■ **How to complete this task**
Of the lines in the material below, print only those from the one containing "Ballengabel - Ballentransportgabel, Euro-Aufnahme" to the one containing "Guess GUHMP16SHGRCELP Apple", ends included, exactly as written and without pictures.

■ **Supplied data**
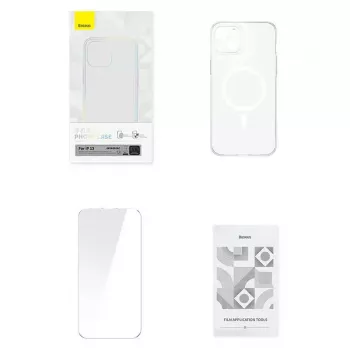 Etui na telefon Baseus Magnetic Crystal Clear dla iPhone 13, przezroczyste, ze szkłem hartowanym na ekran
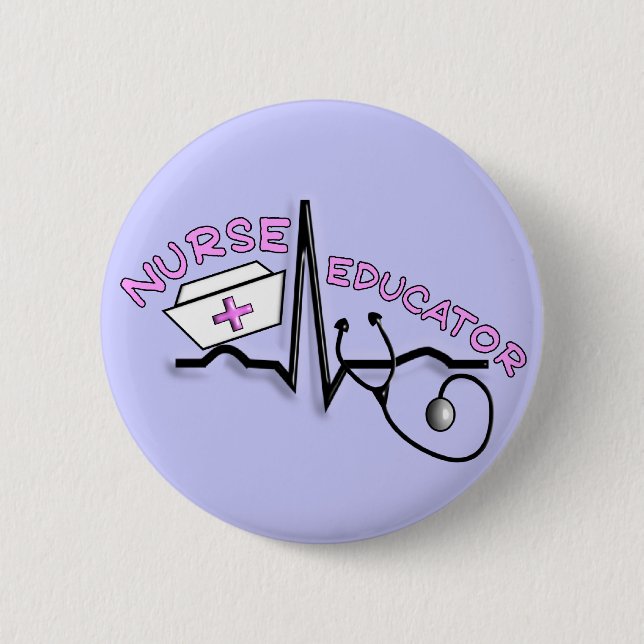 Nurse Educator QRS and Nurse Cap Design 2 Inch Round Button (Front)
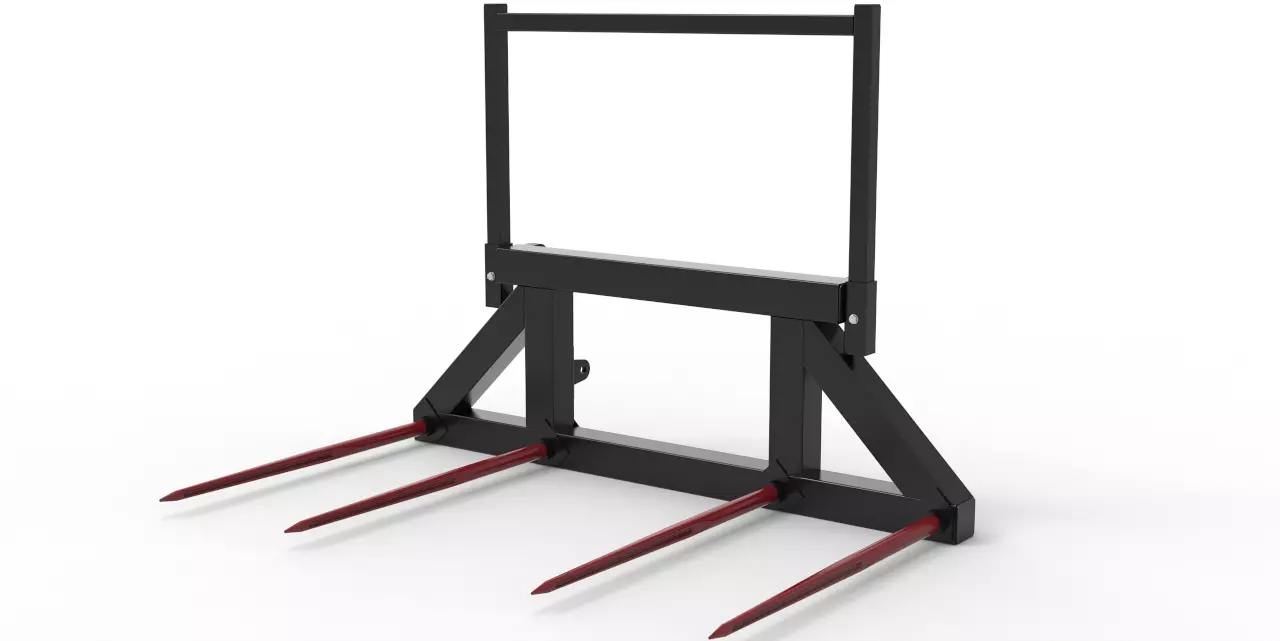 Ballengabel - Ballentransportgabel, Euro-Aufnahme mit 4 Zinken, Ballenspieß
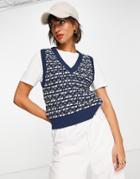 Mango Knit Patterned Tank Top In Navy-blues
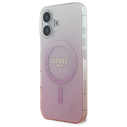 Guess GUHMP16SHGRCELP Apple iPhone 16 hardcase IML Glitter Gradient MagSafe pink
==
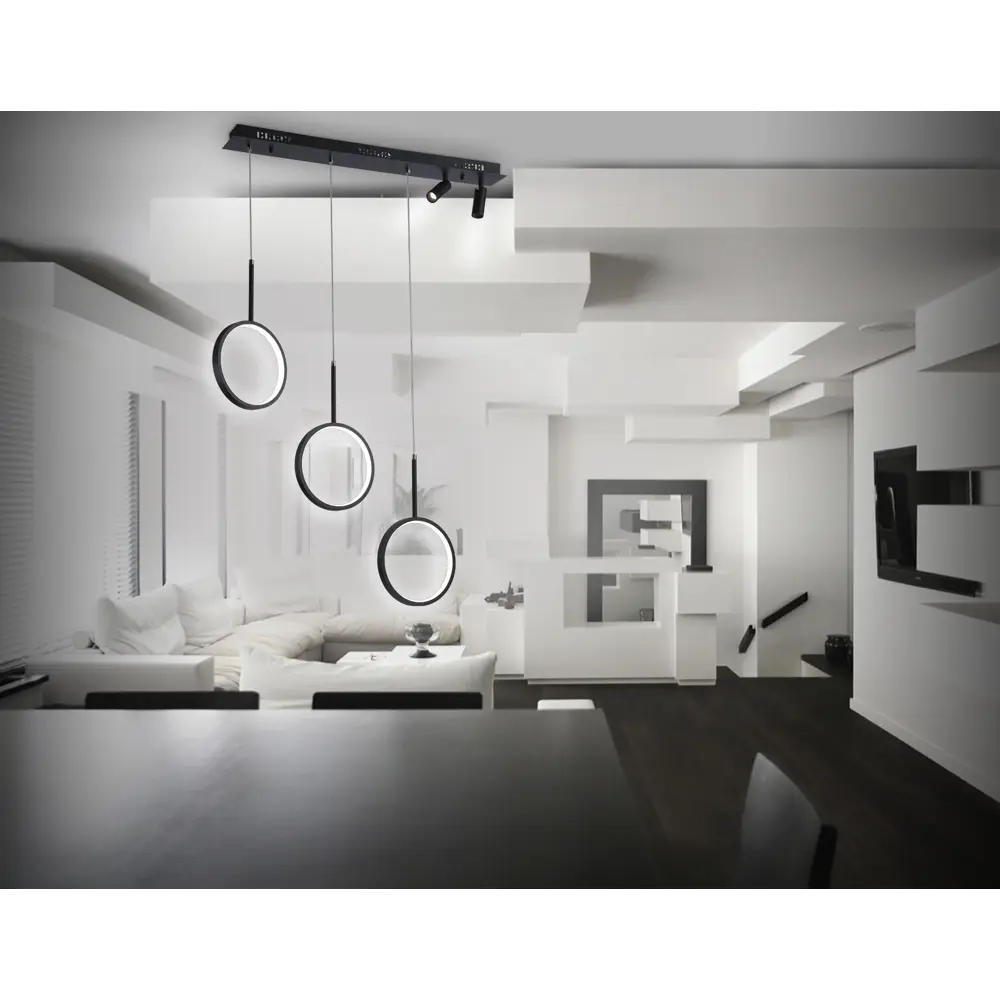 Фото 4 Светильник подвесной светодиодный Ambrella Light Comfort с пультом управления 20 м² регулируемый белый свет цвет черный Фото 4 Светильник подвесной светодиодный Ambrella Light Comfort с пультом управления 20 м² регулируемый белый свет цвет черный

■ **Output**
 Ballengabel - Ballentransportgabel, Euro-Aufnahme mit 4 Zinken, Ballenspieß
 Mango Knit Patterned Tank Top In Navy-blues
 Guess GUHMP16SHGRCELP Apple iPhone 16 hardcase IML Glitter Gradient MagSafe pink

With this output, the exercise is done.